Reinigung in verschiedenen Objekten

Die drei Tschechinnen arbeiten seit 2018 im Unternehmen Zwintscher, alle kommen aus der Nähe von Teplice. Täglich sind sie fünf bis sechs Stunden im Einsatz, derzeit in einem Lager eines Pharmahandels im Dresdner Norden. Ein Reinigungs-Objekt der Firma Zwintscher ist auch das Kaufhaus Peek & Cloppenburg auf der Prager Straße, doch das hat derzeit geschlossen.
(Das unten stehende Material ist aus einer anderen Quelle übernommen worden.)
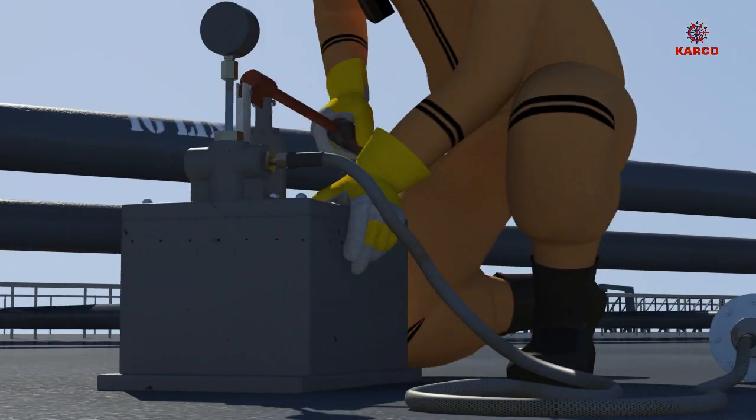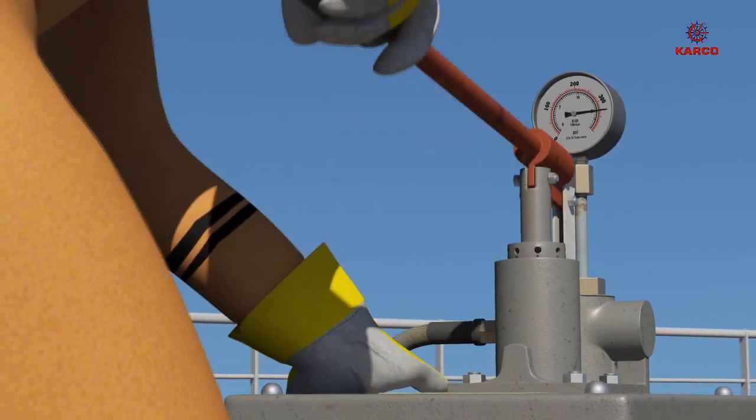The vessel was provided with its own cargo discharge hoses. There was no record of these being tested.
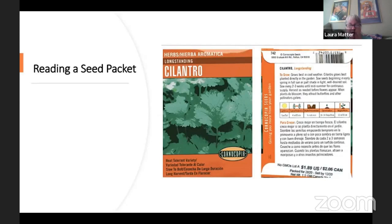A seed packet is a wonderful way to learn about what you can set out and when. Cilantro is one of those herbs we think of as a hot weather thing because we associate it with salsa, but it actually grows better in cooler weather — April is fine to plant it. You can do succession sowings because it only takes about a month to harvest. You can let some of it go to seed since the flowers attract pollinators and beneficial insects, and the seeds are coriander. This particular packet is a heat tolerant variety.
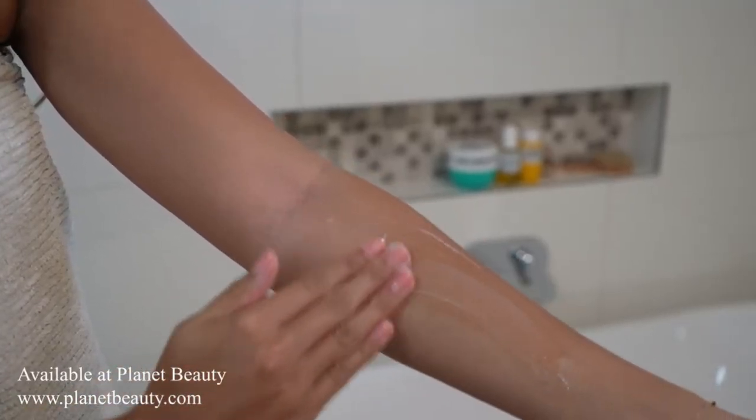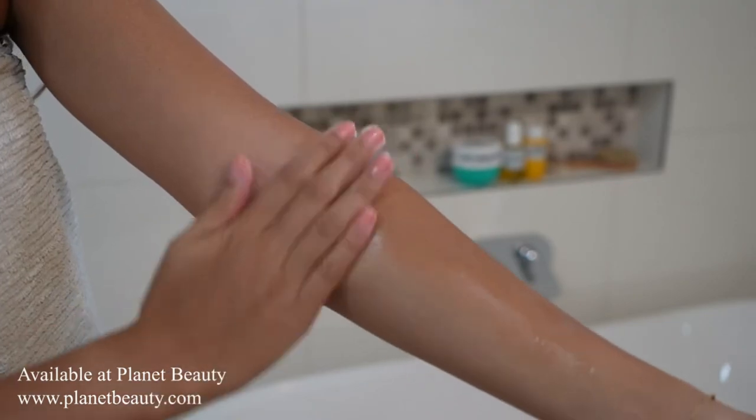The cream instantly soothes dry and dehydrated areas, keeping them moisturized for up to 72 hours. Plus, it smells divine, with notes of toasted praline, vanilla, and coconut.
Vor der Zeit mit Corona haben die drei Frauen eine Fahrgemeinschaft gebildet, jetzt müssen sie aufgrund der Ansteckungsgefahr einzeln fahren. "Doch auch dabei versuchen wir sie zu unterstützen", sagt Sarka Zwintscher.

Ihr Unternehmen ist nicht das einzige in Dresden, das tschechische Mitarbeiter beschäftigt. Nach den jüngsten Zahlen der Sächsischen Landesarbeitsagentur arbeiteten mit Stand zum 30. Juni 2020 genau 1.442 tschechische Staatsbürger in Dresden, 45 weniger als zum 31. März, sagt Pressesprecher Frank Vollgold. Auch Polen sind hier tätig, zum 30. Juni 2020 waren es 3038 und damit sogar 102 mehr als im März 2020.

Die Pendler sind vorwiegend in den Bereichen Transport, Logistik, verarbeitendes Gewerbe, Gesundheitswesen und Dienstleistungen eingesetzt. In ganz Sachsen arbeiten 11.246 Tschechen und 20.557 Polen. Auch diese Zahlen sind die aktuellsten der Agentur von Ende Juni 2020.